[Records contained in a dataset]
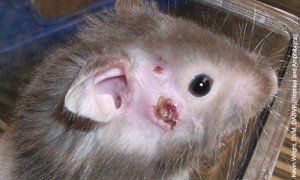 Болести при хамстери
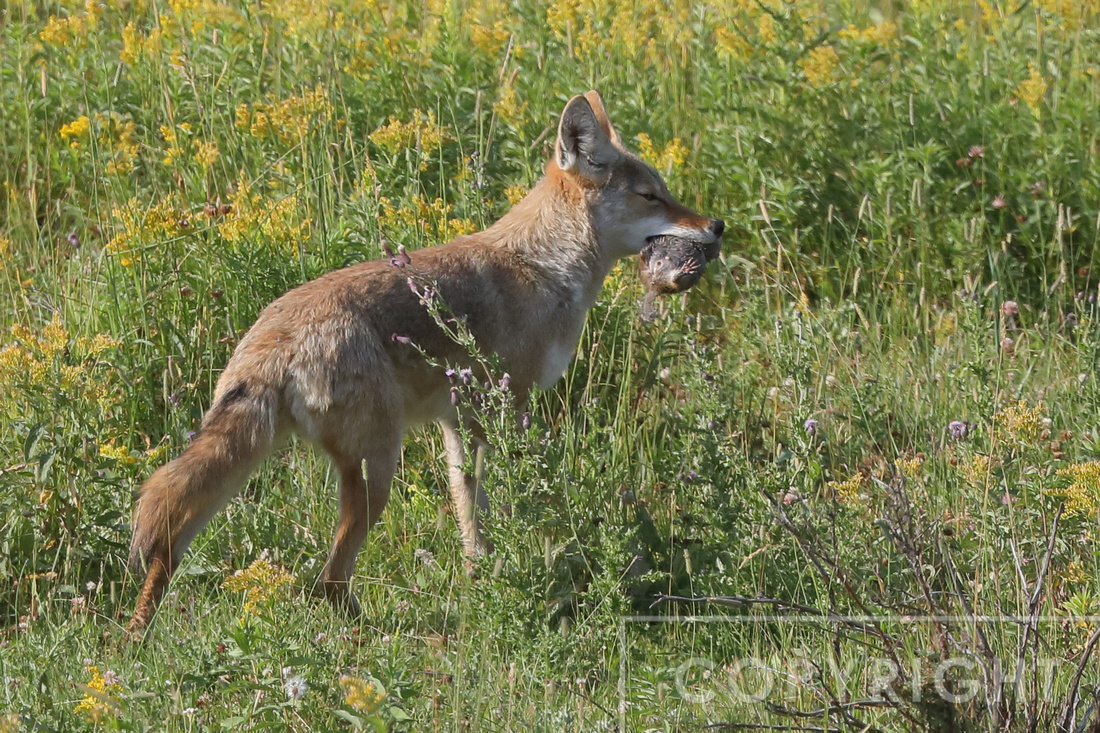 Coyote with ground squirrel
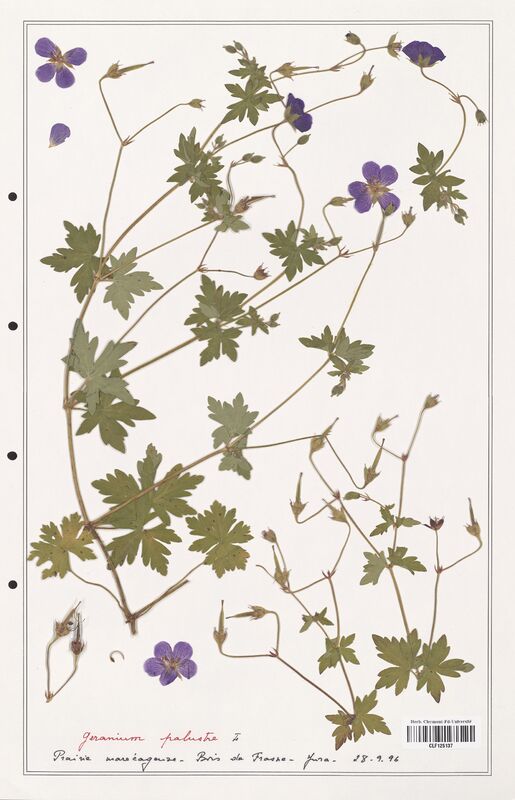 Geranium palustre  (Geraniaceae)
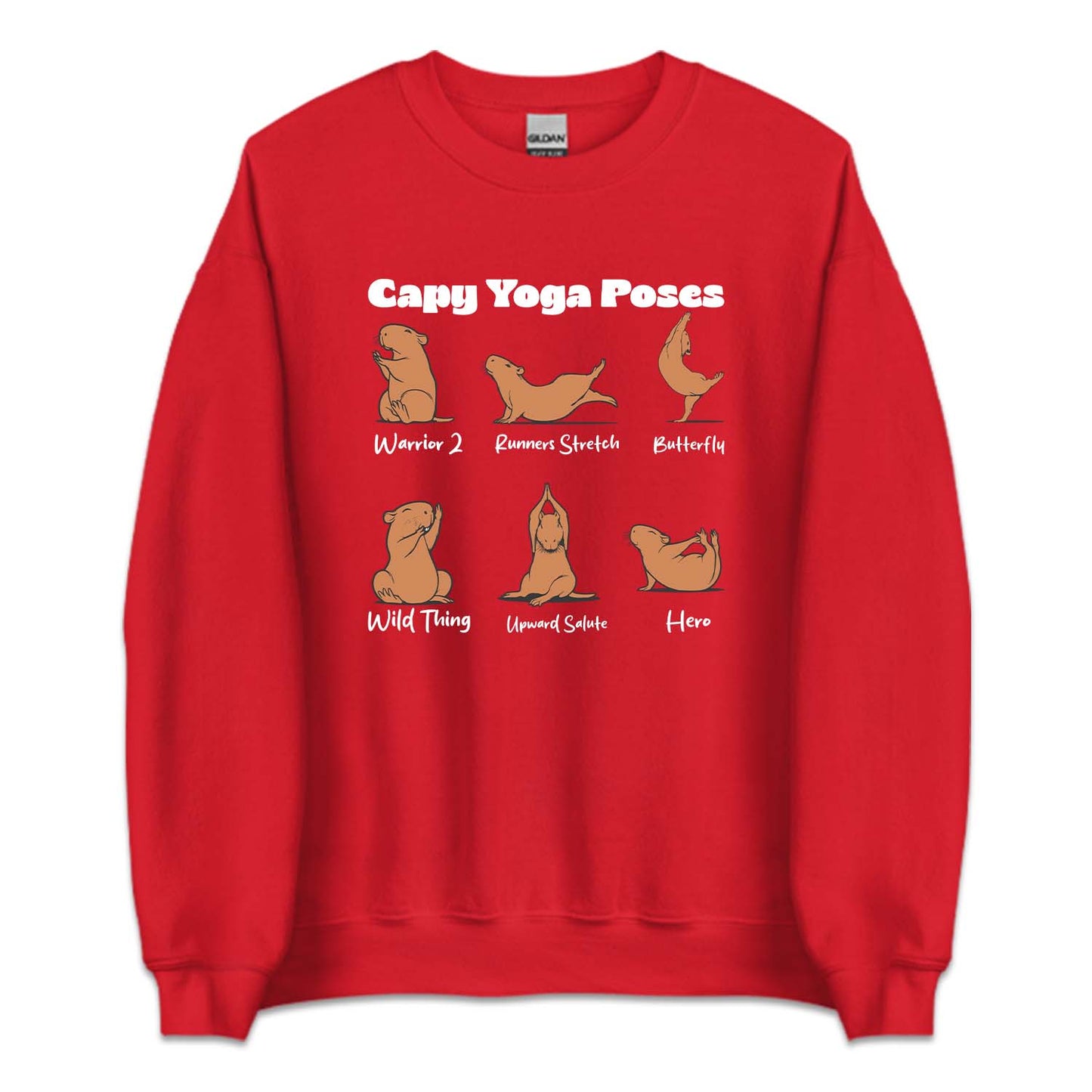Cute Capybara Yoga Poses | PRODUCT CODE: YGCPYSOBR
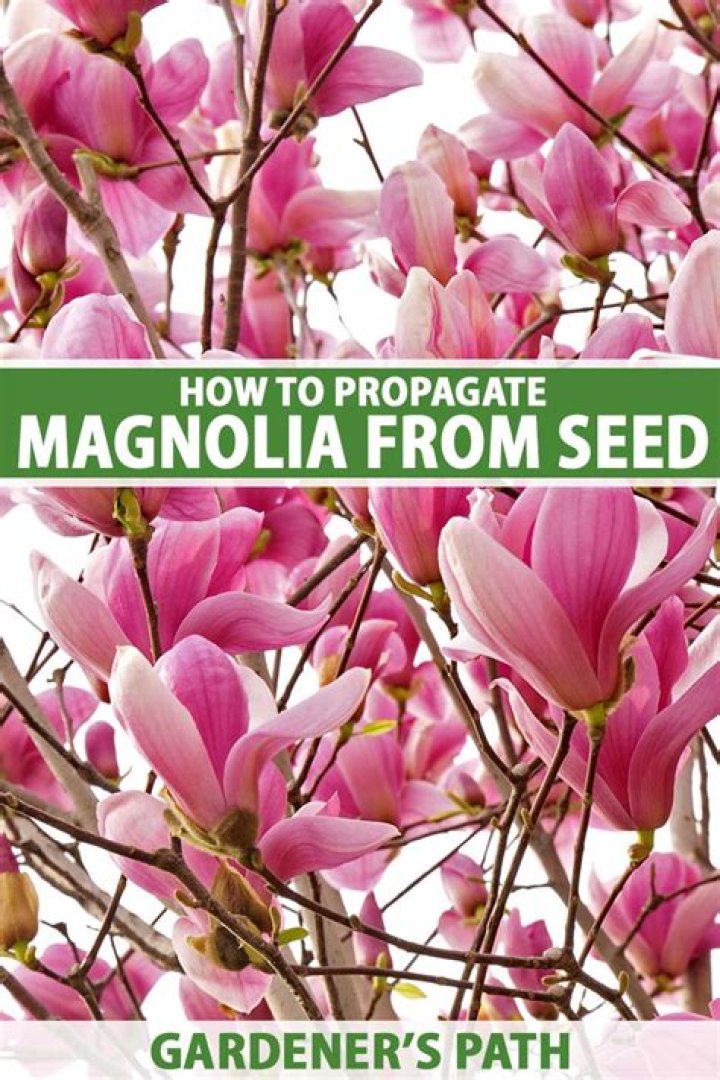 How long are magnolia seeds viable?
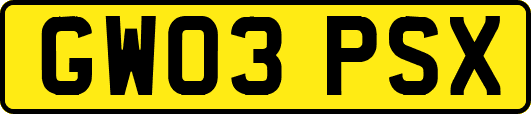 GW03PSX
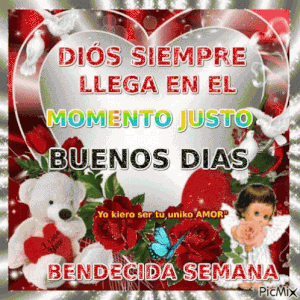 Buenos días bonito lunes para WhatsApp gratis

**What to work on:**
Leaving all pictures aside, print exactly the lines from the one that contains "Coyote with ground squirrel" through the last line of the data above, inclusive.

**Task result:**
 Coyote with ground squirrel
 Geranium palustre  (Geraniaceae)
Cute Capybara Yoga Poses | PRODUCT CODE: YGCPYSOBR
 How long are magnolia seeds viable?
 GW03PSX
 Buenos días bonito lunes para WhatsApp gratis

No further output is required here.